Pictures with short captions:
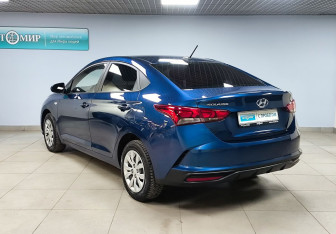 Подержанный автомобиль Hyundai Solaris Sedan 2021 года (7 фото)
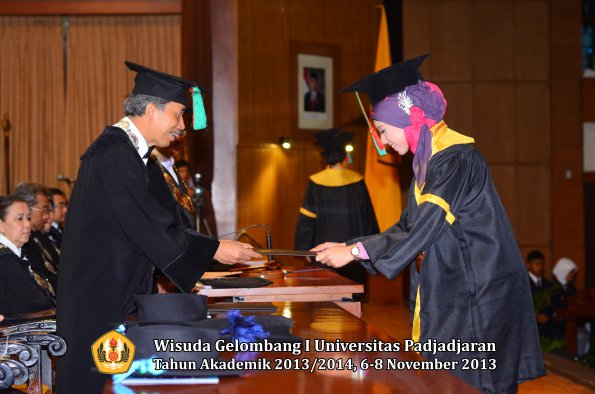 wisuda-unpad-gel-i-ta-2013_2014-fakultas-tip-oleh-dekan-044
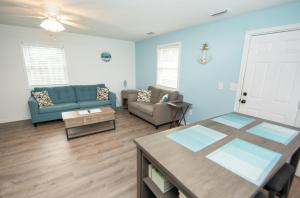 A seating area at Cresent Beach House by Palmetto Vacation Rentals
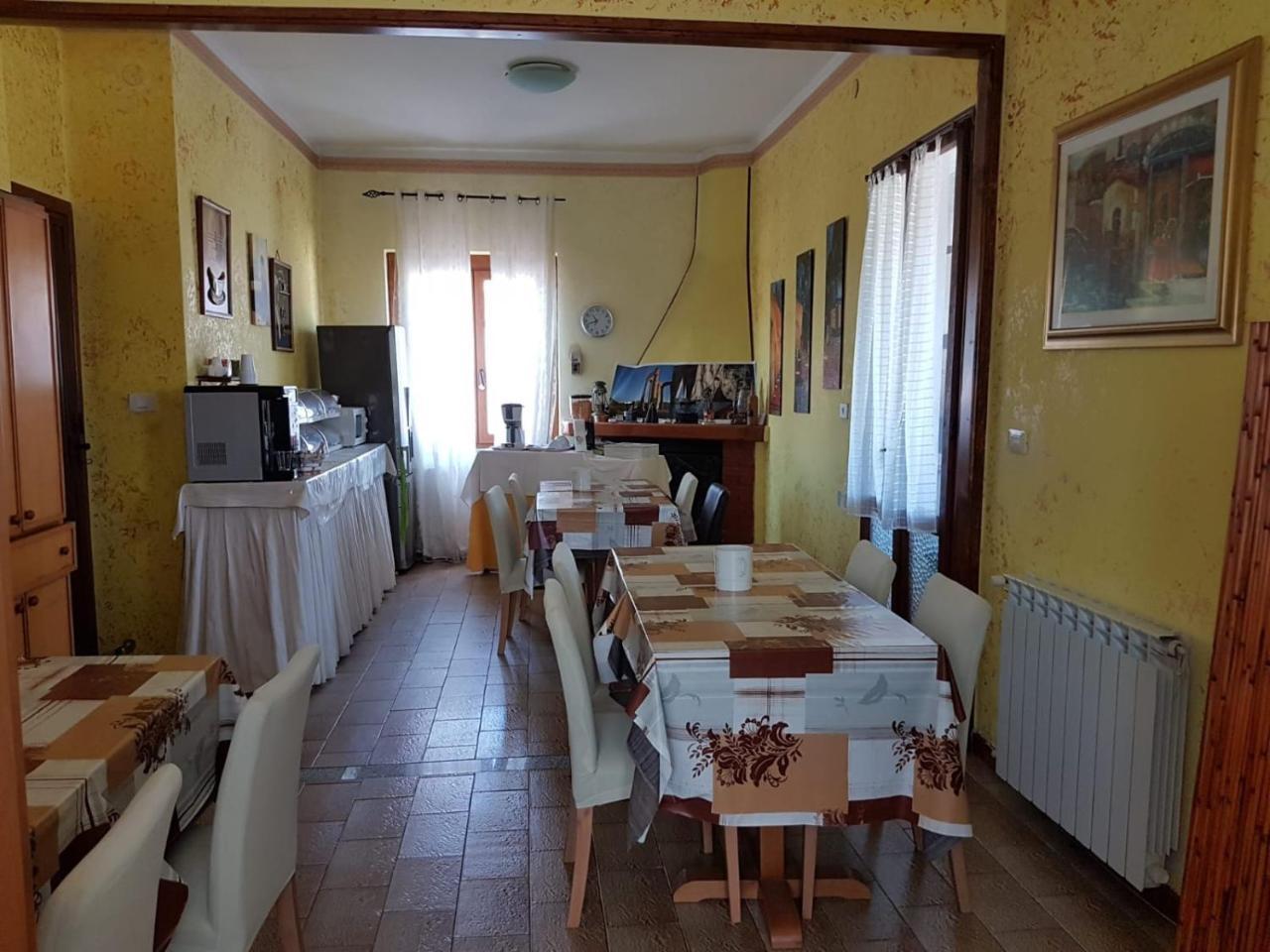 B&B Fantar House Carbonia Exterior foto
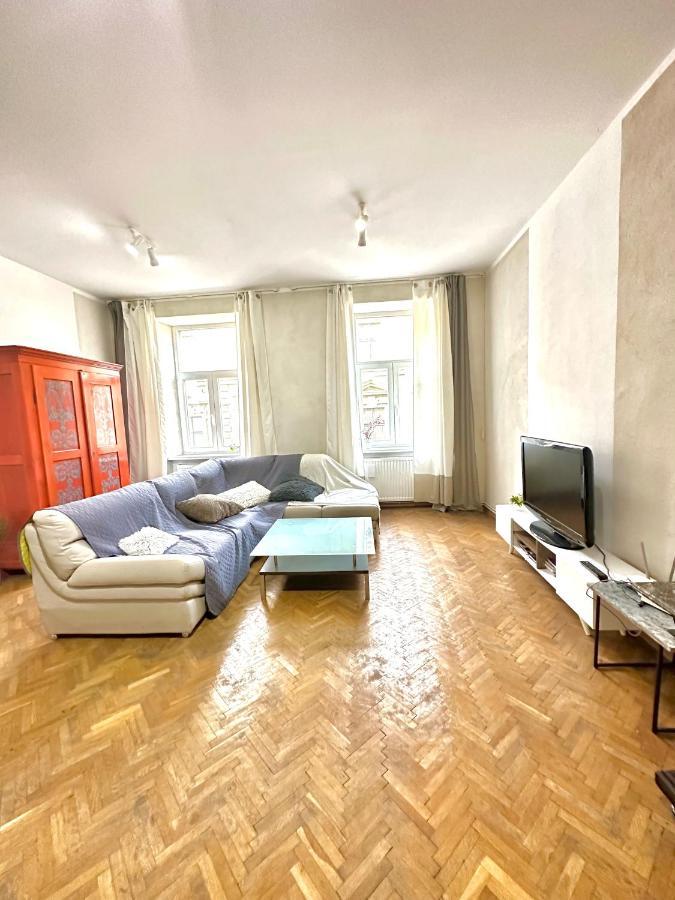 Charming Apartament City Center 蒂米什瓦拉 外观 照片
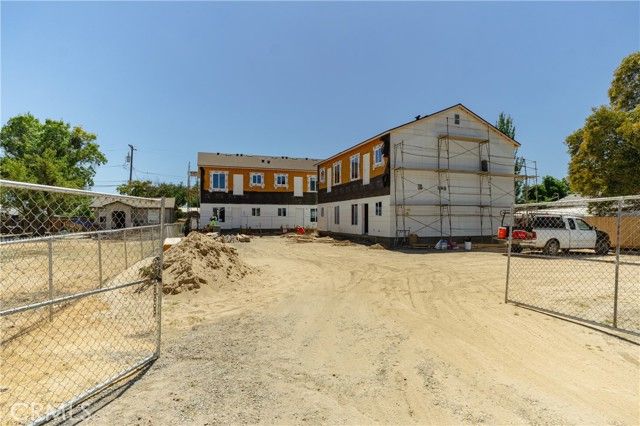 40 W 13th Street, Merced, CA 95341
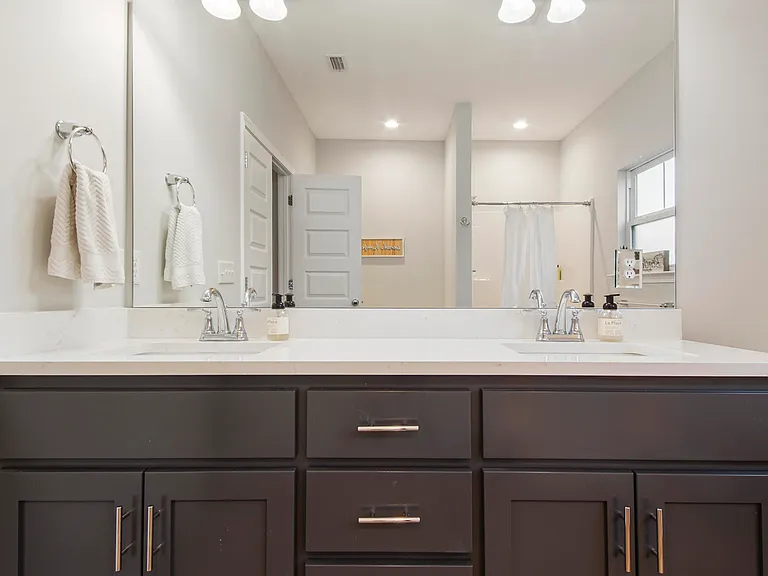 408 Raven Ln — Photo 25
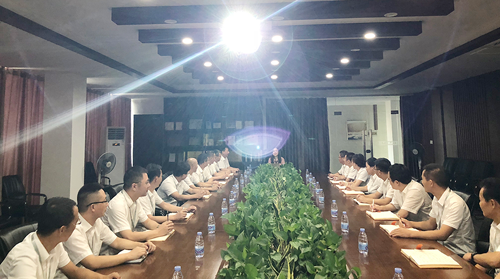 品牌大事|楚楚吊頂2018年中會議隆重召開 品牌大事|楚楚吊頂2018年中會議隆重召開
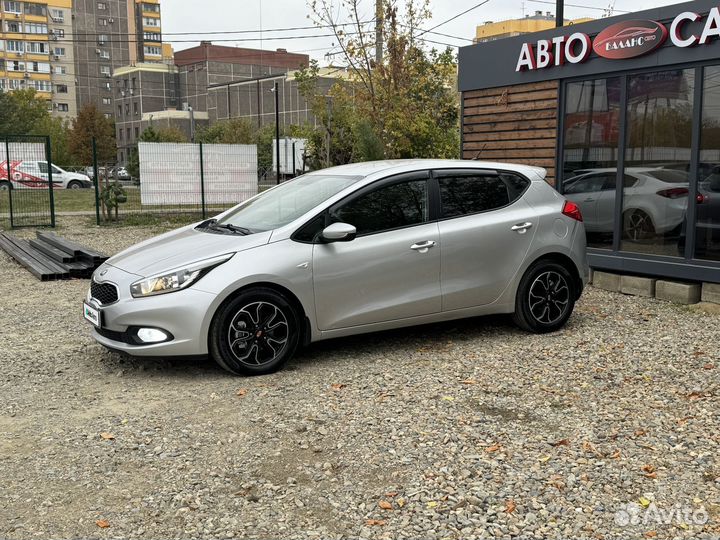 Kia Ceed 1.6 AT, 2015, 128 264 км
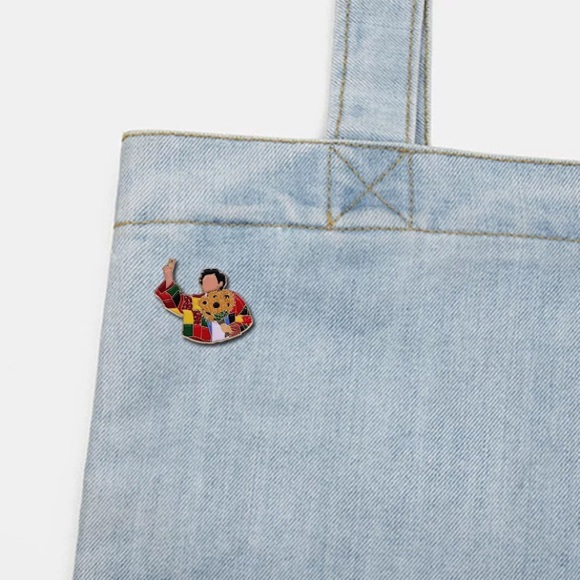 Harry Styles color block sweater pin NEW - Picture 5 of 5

▶ _DESCRIPTION OF THE TASK_: Take the line containing "品牌大事|楚楚吊頂2018年中會議隆重召開 品牌大事|楚" as the first line and the last line of the data above as the final one, and output exactly the lines between them, inclusive, with no pictures.

▶ _RESULT FOR THIS EXERCISE_:
 品牌大事|楚楚吊頂2018年中會議隆重召開 品牌大事|楚楚吊頂2018年中會議隆重召開
 Kia Ceed 1.6 AT, 2015, 128 264 км
 Harry Styles color block sweater pin NEW - Picture 5 of 5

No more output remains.